Instructions for the task: With pictures omitted, transcribe exactly the lines from the one containing "New Holly Pig Ornament - Horse & Farm" to the end of the records below.

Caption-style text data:
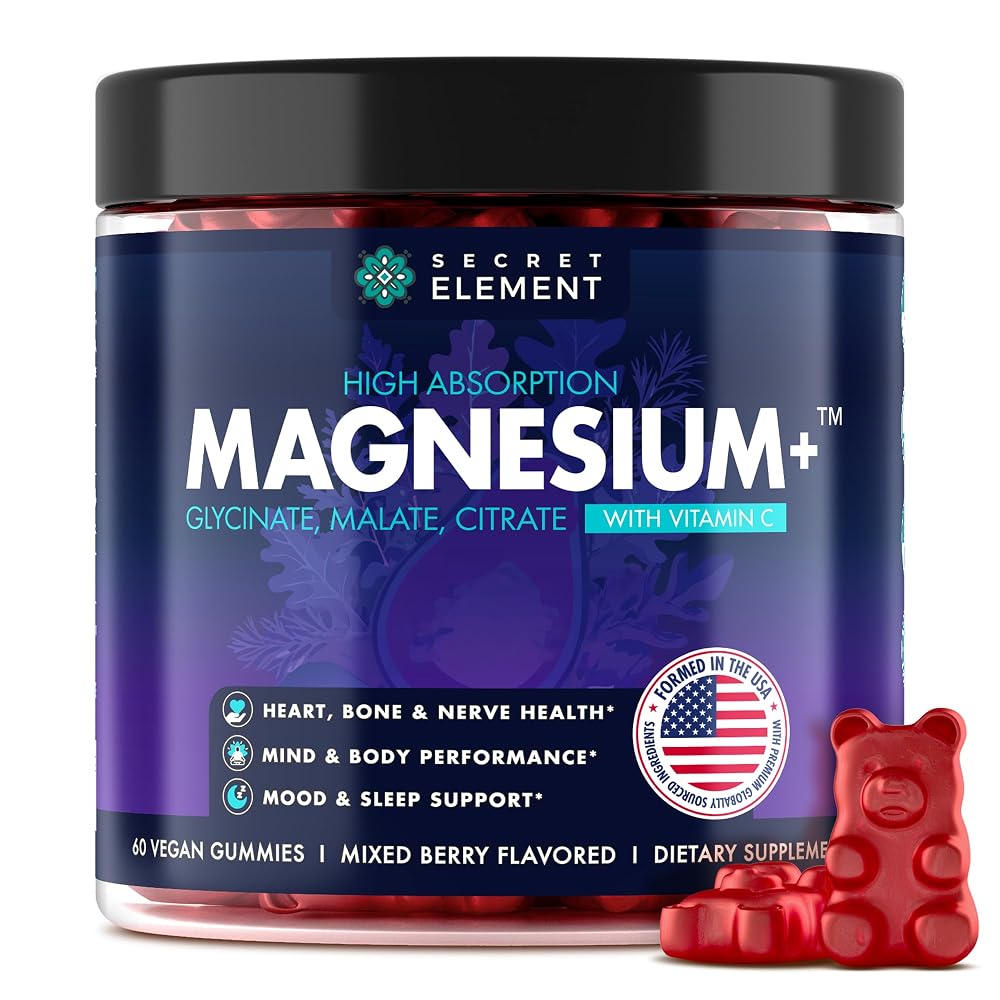Secret Element Magnesium Glycinate Gummies and Сapsules for Women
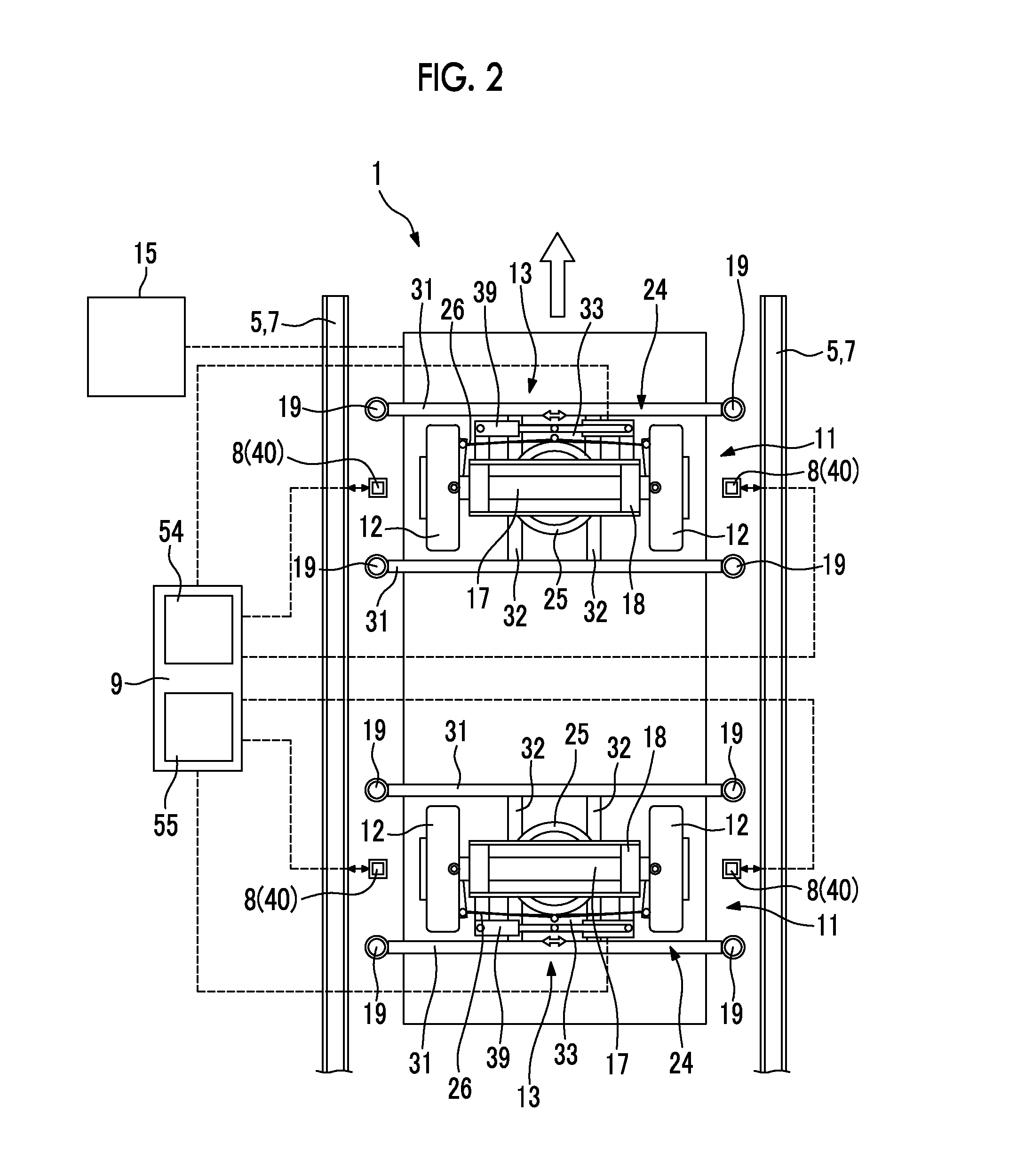 Vehicle and track transportation system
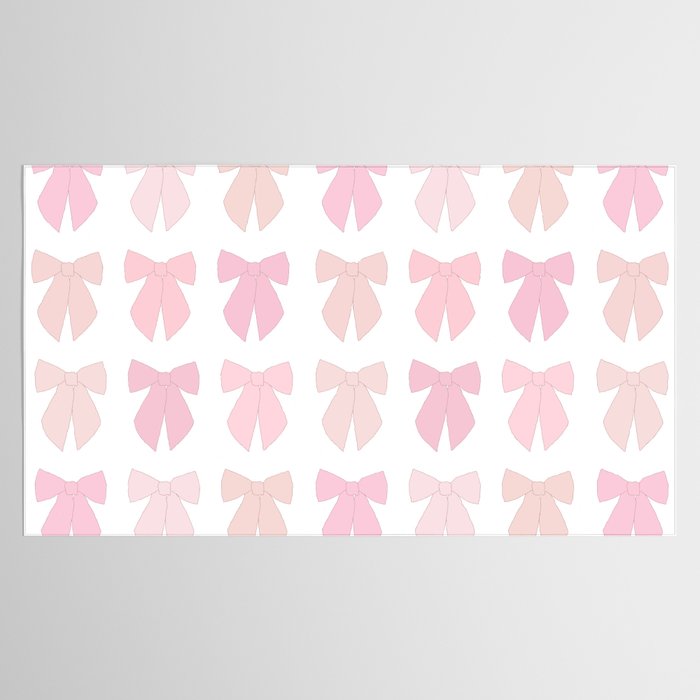 Pink Bows Preppy Coquette Tablecloth Gallery Image 2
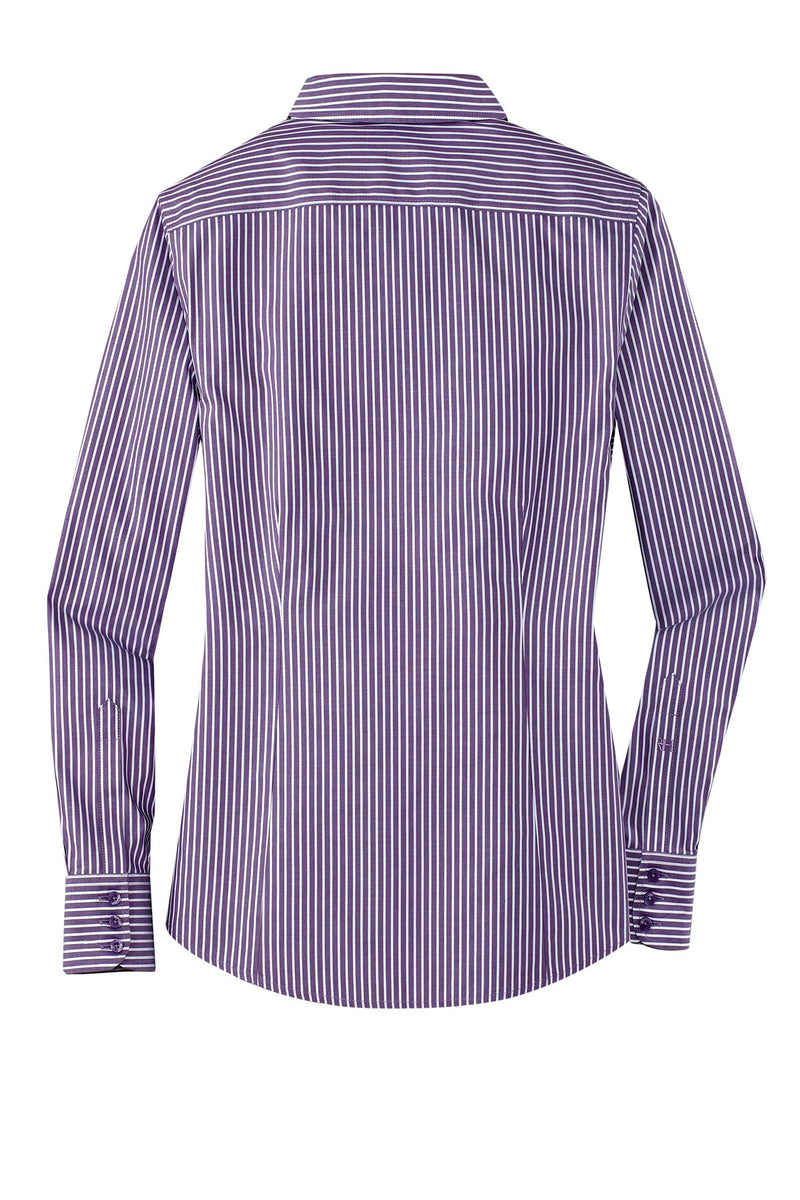 Red House Ladies Stripe Non-Iron Pinpoint Oxford. RH65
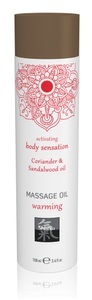HOT Shiatsu, Massageöl „Warming Coriander“, 100 ml, Massageöl ?Warming Coriander?, 100 ml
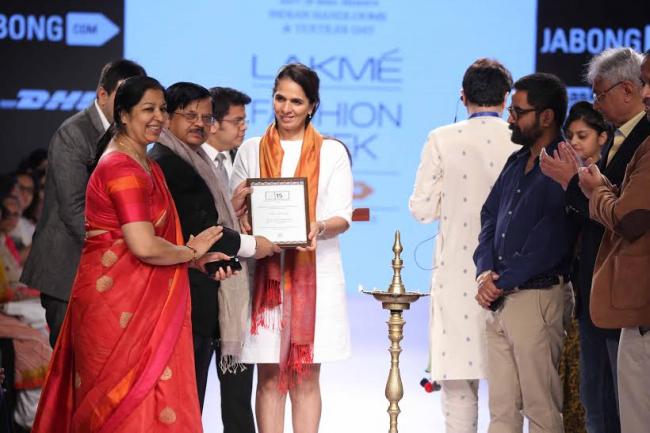 Indian Handlooms, Textile Day presented at LFW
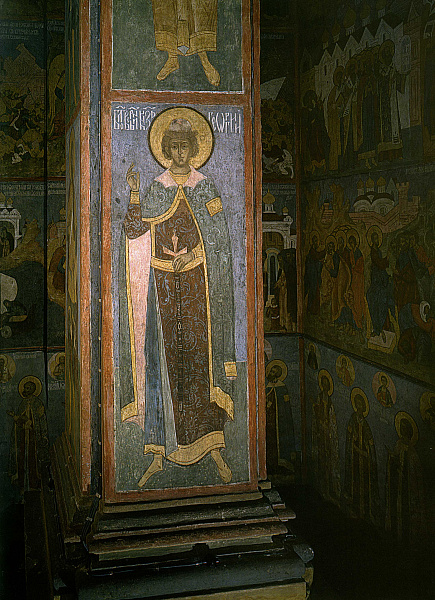 Благоверный князь Мстислав (Георгий) Храбрый, фреска 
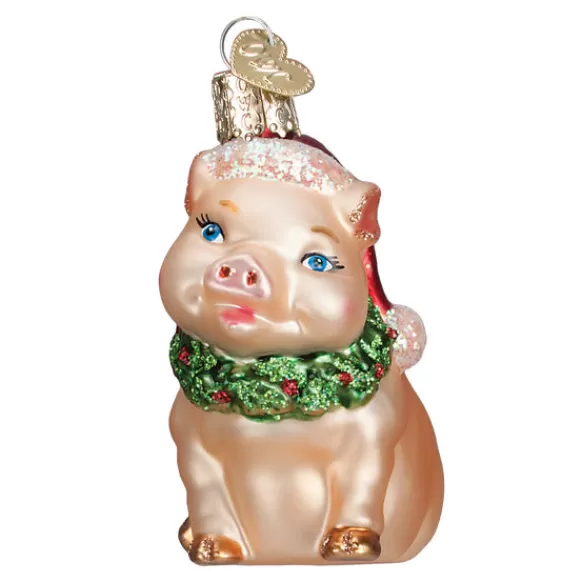 New Holly Pig Ornament - Horse & Farm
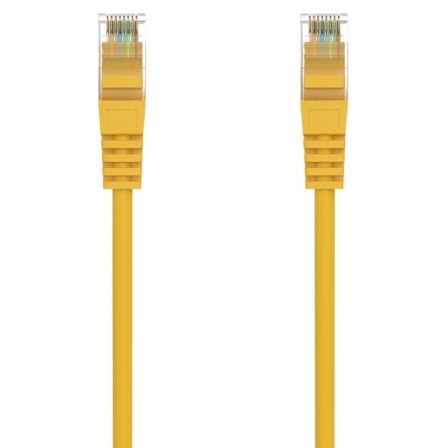 Cable de Red RJ45 AWG24 UTP Aisens A145-0568 Cat.6A/ LSZH/ 2m/ Amarillo - Imagen 3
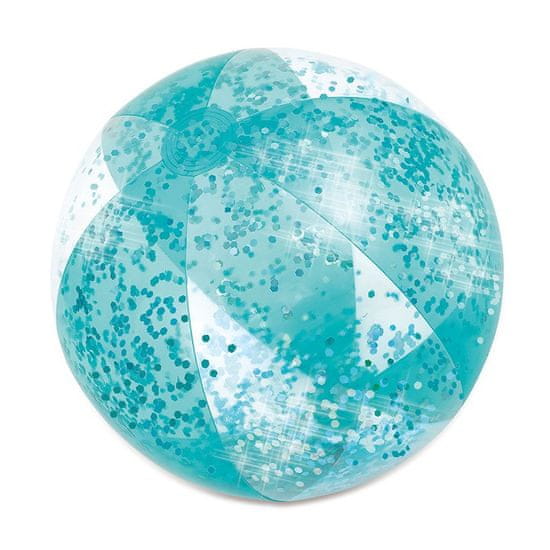 Mac Toys Nafukovací míč se třpytkami modrý, 51 cm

Response to this task:
 New Holly Pig Ornament - Horse & Farm
 Cable de Red RJ45 AWG24 UTP Aisens A145-0568 Cat.6A/ LSZH/ 2m/ Amarillo - Imagen 3
 Mac Toys Nafukovací míč se třpytkami modrý, 51 cm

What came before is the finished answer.